In a sentence I would call my house and property an "end of the street raised ranch built into an ant hill surrounded by woods, bushes and brush and a cedar hedge." The lawn is nice, large, and part of it is almost flat enough to pitch a tent, features a thrown-together field stone fire pit (in which I burn papers, cardboard and your occasional woolen blanket or pair of painter's pants.) We sat on a makeshift tent platform high on the hill surveying the scene. PJ started in. "You can pitch tents on this lawn! You could sell it as a place to have weddings! You could...." and so on...she is a woman full of ideas, many creative ones, many overly ambitious ones. (More on the actual organizing of the house here....)
alter, Japanese sake 
family pics

So, it was back inside for us to tackle the job before the blood moon showed up, and we had to stop. I live near a country club, a golf course. And although we could really have scrambled up there, dodging the hoards of skunks reported to frequent the 7th hole, we decided to use the brains our parents gave us and drive up there. In the heat of my car, peering out through the moon roof, we saw it. There that moon was, smiling down on us and there we were, Japanese sake in hand, two gray handle-less mugs flung from a potter's wheel already warmed up. Rearing to go. 

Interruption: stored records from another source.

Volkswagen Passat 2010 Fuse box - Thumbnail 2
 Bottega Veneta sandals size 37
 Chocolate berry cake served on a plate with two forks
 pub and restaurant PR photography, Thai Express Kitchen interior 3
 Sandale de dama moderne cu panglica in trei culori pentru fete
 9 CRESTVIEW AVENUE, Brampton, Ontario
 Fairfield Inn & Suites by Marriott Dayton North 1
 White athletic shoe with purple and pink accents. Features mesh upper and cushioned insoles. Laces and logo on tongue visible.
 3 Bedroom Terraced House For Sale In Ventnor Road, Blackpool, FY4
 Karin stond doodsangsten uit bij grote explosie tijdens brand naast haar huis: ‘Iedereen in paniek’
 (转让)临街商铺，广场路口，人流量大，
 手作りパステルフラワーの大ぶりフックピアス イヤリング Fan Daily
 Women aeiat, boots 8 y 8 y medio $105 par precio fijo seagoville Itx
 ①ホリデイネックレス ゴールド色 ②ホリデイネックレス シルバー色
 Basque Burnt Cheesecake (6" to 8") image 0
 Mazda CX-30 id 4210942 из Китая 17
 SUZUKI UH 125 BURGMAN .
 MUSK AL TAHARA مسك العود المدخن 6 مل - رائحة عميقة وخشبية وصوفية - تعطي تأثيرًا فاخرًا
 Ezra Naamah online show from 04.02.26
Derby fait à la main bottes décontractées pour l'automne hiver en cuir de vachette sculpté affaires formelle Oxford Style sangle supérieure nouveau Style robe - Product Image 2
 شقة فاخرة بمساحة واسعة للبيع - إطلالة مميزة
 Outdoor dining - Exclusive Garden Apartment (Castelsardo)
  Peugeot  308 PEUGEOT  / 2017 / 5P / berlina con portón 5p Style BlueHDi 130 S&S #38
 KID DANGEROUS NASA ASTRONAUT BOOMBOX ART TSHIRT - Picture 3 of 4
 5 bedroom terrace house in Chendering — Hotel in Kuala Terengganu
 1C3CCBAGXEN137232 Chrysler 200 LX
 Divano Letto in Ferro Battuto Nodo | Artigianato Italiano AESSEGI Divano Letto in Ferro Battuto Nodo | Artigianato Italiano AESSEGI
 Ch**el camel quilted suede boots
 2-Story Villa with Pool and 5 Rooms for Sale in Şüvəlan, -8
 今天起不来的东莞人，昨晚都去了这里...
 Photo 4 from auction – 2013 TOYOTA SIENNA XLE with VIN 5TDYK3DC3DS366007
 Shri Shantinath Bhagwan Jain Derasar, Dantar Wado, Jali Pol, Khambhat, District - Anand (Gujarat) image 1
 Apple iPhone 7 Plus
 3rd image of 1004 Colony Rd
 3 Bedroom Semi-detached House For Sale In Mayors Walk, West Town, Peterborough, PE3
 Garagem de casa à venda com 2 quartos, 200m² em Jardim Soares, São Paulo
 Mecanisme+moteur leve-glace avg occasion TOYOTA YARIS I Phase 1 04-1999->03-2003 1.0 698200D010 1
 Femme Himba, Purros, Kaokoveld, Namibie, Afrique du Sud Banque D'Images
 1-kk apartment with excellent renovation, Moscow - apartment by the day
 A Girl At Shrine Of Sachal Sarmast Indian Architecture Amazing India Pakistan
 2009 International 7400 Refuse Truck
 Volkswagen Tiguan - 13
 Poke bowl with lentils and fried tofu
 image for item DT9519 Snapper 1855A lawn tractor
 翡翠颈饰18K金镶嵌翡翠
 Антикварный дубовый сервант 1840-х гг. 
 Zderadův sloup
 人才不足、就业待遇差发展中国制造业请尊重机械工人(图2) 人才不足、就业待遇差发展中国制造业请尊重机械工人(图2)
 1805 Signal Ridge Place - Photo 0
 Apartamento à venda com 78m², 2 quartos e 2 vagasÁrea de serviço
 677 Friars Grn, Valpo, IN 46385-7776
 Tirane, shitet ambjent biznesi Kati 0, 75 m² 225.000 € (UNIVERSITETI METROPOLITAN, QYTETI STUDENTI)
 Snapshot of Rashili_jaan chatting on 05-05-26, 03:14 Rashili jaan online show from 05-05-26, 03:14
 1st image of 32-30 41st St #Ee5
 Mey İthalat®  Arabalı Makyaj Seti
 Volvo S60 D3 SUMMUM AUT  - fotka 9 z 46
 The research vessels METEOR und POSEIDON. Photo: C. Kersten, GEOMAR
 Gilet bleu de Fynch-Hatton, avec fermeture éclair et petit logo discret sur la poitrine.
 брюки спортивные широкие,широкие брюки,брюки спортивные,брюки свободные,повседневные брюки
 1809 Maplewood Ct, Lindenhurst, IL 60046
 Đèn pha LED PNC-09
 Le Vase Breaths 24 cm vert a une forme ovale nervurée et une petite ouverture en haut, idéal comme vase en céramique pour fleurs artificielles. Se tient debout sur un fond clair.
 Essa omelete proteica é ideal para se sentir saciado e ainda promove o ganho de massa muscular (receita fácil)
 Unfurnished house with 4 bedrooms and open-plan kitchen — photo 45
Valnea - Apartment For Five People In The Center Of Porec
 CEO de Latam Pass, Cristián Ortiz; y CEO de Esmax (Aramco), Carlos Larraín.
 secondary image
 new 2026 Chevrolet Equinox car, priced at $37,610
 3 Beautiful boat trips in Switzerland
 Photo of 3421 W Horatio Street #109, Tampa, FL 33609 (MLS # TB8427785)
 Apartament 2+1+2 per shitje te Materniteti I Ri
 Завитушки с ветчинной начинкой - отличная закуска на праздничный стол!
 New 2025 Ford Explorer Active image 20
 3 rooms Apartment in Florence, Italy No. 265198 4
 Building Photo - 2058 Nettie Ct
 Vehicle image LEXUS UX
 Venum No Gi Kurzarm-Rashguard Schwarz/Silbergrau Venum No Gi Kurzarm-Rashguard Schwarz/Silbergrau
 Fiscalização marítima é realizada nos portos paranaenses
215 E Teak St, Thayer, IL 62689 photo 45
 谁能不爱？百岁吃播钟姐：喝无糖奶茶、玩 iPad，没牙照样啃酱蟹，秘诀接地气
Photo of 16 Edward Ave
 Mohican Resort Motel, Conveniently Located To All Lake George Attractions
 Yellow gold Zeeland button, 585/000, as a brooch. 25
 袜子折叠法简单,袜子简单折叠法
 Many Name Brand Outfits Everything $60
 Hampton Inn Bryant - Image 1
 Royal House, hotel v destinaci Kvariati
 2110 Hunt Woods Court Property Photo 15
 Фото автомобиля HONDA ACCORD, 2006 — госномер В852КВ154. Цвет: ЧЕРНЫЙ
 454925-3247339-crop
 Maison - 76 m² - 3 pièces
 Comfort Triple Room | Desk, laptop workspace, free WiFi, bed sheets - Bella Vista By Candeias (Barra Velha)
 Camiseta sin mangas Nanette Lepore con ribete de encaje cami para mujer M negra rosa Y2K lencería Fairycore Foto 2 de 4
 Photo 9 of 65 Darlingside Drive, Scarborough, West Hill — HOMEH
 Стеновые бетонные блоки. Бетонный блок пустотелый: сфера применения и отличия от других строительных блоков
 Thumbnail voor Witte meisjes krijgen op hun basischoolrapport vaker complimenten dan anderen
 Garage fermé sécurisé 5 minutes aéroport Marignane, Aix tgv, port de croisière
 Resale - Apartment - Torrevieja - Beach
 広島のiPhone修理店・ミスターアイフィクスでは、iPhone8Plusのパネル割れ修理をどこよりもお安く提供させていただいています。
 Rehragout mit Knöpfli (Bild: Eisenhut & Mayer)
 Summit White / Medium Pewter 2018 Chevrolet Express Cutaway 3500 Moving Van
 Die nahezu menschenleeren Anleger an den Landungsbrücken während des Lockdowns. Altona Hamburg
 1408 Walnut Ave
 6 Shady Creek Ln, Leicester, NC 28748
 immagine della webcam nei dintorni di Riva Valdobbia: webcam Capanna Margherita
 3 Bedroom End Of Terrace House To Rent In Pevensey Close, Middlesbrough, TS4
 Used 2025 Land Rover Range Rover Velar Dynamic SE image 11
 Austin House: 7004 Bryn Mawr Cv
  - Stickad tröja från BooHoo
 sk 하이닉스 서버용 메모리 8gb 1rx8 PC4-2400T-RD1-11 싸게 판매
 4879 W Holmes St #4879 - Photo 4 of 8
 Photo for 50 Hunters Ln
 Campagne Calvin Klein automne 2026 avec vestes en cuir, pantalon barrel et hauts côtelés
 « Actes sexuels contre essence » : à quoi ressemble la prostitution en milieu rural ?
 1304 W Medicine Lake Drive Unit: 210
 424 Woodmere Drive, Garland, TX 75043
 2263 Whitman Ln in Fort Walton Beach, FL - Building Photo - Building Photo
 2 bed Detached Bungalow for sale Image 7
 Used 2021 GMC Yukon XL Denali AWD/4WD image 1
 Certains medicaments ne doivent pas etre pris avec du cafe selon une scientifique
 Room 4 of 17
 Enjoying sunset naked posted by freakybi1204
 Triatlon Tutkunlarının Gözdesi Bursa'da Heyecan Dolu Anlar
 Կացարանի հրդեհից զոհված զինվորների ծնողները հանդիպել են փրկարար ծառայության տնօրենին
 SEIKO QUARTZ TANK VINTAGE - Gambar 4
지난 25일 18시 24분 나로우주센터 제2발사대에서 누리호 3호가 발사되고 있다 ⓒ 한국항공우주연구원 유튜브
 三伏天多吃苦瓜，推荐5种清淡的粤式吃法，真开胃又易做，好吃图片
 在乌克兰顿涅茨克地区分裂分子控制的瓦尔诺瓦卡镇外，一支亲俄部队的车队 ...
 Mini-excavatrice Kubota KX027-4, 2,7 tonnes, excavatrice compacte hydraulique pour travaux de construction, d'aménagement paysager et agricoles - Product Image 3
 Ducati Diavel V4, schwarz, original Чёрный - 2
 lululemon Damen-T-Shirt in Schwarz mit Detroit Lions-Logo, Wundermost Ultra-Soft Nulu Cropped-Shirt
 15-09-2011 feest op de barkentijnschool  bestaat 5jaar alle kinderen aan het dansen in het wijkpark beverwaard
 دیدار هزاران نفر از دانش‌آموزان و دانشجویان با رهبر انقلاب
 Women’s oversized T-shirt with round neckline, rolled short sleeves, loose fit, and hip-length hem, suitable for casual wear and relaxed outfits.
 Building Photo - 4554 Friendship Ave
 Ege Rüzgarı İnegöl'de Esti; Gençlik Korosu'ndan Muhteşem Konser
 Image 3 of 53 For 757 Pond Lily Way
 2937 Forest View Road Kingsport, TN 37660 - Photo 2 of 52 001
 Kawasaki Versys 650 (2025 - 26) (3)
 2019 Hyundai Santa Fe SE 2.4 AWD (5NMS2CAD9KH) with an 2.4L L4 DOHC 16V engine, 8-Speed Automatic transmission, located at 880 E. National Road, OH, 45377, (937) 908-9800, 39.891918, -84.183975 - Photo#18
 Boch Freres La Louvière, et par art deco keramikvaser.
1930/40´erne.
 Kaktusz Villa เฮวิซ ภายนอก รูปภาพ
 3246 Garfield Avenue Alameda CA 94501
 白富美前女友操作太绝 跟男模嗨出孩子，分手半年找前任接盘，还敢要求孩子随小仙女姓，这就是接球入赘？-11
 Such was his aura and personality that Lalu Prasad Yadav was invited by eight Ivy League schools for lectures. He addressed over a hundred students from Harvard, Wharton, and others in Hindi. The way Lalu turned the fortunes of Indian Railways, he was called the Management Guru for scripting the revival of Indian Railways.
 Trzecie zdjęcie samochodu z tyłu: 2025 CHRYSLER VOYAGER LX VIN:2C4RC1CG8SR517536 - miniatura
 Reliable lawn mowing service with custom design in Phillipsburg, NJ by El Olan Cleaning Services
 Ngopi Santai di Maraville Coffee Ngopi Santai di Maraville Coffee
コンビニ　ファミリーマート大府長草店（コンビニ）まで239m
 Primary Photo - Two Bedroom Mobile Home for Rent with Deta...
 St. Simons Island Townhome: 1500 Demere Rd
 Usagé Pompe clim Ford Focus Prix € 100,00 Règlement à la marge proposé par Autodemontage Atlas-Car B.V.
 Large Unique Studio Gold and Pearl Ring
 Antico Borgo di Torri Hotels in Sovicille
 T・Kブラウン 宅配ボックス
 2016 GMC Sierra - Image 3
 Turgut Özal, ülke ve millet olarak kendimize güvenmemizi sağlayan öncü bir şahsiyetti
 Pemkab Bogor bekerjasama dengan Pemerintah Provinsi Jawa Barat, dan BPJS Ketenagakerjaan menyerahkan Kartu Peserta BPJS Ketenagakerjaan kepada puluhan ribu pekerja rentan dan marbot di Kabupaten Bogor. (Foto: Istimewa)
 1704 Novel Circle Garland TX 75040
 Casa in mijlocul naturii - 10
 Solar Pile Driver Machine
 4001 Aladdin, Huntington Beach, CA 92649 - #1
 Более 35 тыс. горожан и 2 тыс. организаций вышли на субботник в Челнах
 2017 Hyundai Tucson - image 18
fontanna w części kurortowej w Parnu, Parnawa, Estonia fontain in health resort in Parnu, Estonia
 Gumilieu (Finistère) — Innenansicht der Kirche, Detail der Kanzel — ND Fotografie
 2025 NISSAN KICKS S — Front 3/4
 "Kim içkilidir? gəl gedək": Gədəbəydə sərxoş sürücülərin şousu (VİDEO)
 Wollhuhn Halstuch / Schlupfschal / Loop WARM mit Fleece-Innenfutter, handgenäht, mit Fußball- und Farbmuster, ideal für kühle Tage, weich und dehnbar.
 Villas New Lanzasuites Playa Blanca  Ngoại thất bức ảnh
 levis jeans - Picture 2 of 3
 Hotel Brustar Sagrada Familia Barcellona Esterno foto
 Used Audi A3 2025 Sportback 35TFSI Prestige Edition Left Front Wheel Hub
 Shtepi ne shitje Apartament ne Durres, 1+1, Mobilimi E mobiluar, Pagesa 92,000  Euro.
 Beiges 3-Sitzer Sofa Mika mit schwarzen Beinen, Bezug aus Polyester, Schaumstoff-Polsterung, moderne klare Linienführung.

 PJ is a photographer, so she was having none of this, in-the-car stuff. She fled the vehicle as if her ass was afire. She was about to sit her carcass on the ground, when I got out and hauled a blanket I keep in my car for JUST these kinds of occasions, which come to find out, happen exactly every 18 years! We sat there under that moon, chilly and excited, a bit tipsy and poised to get wowed and get some award-winning shots of that crazy, magical lunar eclipse that was about to happen.